# What is required
What you return must match the entries word for word, minus the pictures.

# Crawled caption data
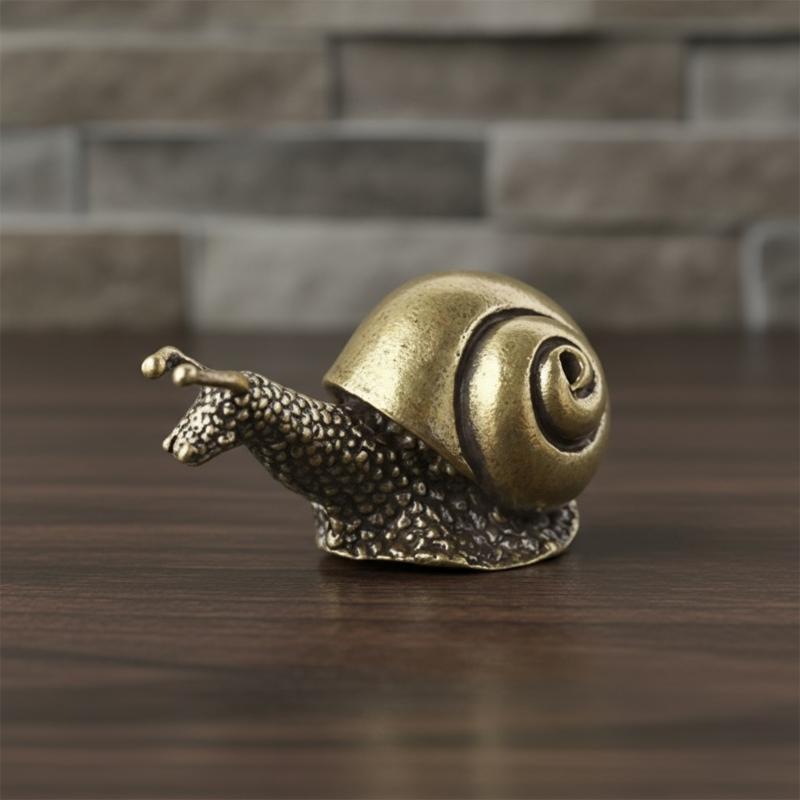 Distressed Finish Miniature Snail Figurine Handmade Alloy Art Decors For Teas Pet Desk Accessories Home Decoration Gift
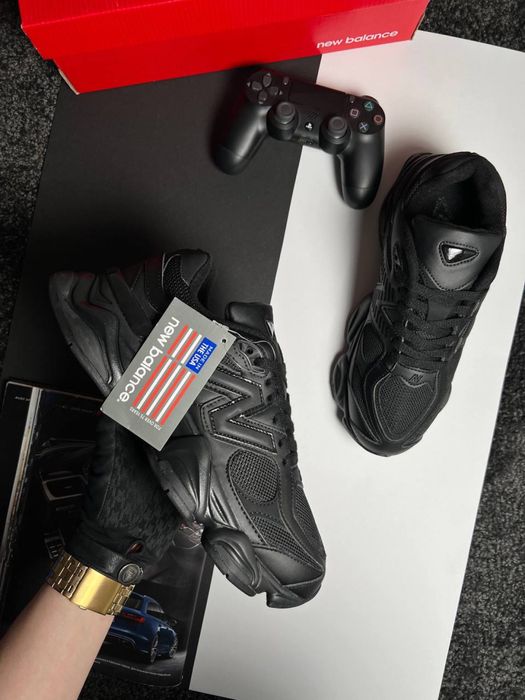 Чоловічі кросівки нью беланс New Balance 9060 All Black [41-45]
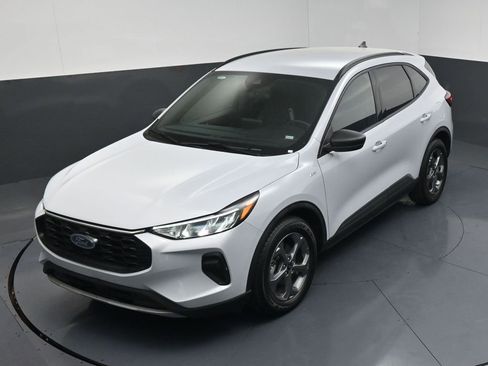Used 2025 Ford Escape ST-Line FWD image 18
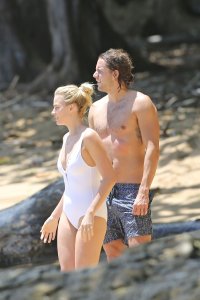 Margot Robbie Sexy 33.jpg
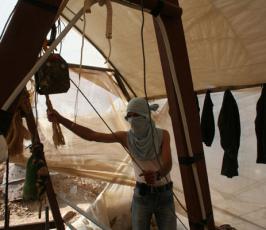 رغم الموت المتكرر.. عدسة فلسطين اليوم ترصد حركة الأنفاق على الحدود المصرية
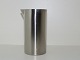 Stelton Cylinda 
Line 
flødekande.
Designet af 
Arne Jacobsen.
Højde 9,5 cm.
Flot og ...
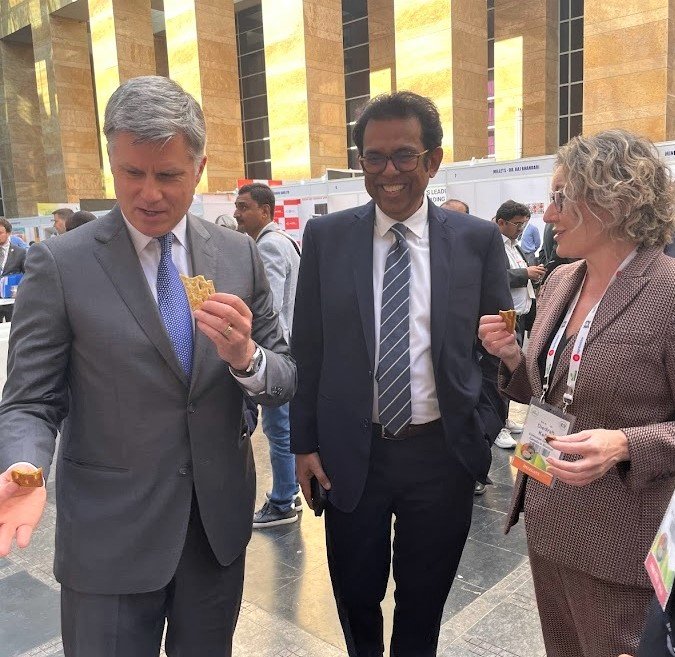 HCCanInd's tweet photo. DYK? ๐จ๐ฆ is a major exporter of healthy, sustainable pulses ๐ซ & ๐ฎ๐ณ is our most important customer. #Saskatchewan leads that trade.
Delighted to represent ๐จ๐ฆ at #PulsesConclave in Mumbai with SK Minister @DavidMaritSK & Canadian business leaders & industry experts.
#CdnAg๐ฑ https://t.co/Dki6gPnyCQ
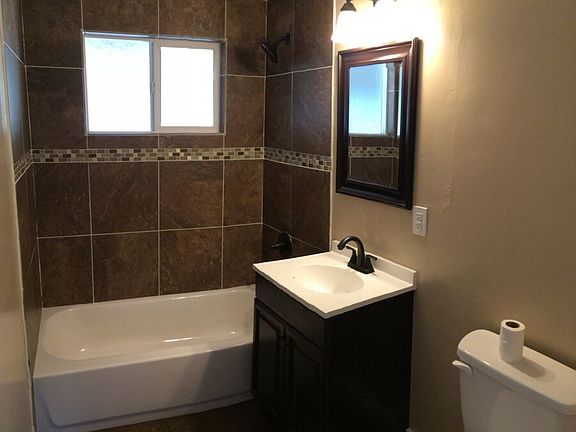 3rd image of 2408 Darwin St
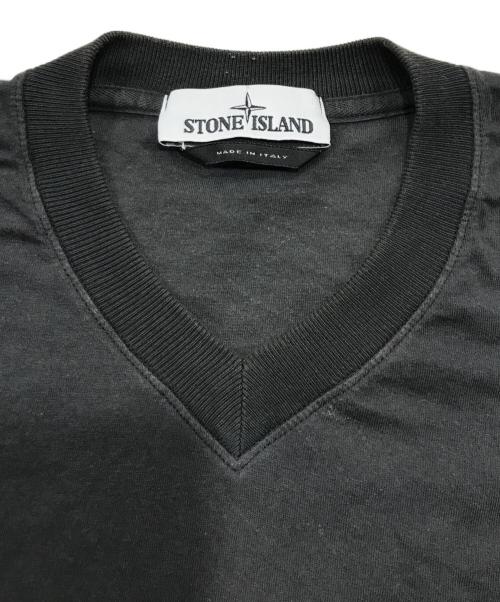 STONE ISLAND（ストーンアイランド）STONE ISLAND (ストーンアイランド) フロントロゴVネック半袖カットソー/Tシャツ グレー サイズ:Sの古着・服飾アイテム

# Solution to this task
 Distressed Finish Miniature Snail Figurine Handmade Alloy Art Decors For Teas Pet Desk Accessories Home Decoration Gift
 Чоловічі кросівки нью беланс New Balance 9060 All Black [41-45]
Used 2025 Ford Escape ST-Line FWD image 18
 Margot Robbie Sexy 33.jpg
 رغم الموت المتكرر.. عدسة فلسطين اليوم ترصد حركة الأنفاق على الحدود المصرية
 Stelton Cylinda 
Line 
flødekande.
Designet af 
Arne Jacobsen.
Højde 9,5 cm.
Flot og ...
 HCCanInd's tweet photo. DYK? ๐จ๐ฆ is a major exporter of healthy, sustainable pulses ๐ซ & ๐ฎ๐ณ is our most important customer. #Saskatchewan leads that trade.
Delighted to represent ๐จ๐ฆ at #PulsesConclave in Mumbai with SK Minister @DavidMaritSK & Canadian business leaders & industry experts.
#CdnAg๐ฑ https://t.co/Dki6gPnyCQ
 3rd image of 2408 Darwin St
 STONE ISLAND（ストーンアイランド）STONE ISLAND (ストーンアイランド) フロントロゴVネック半袖カットソー/Tシャツ グレー サイズ:Sの古着・服飾アイテム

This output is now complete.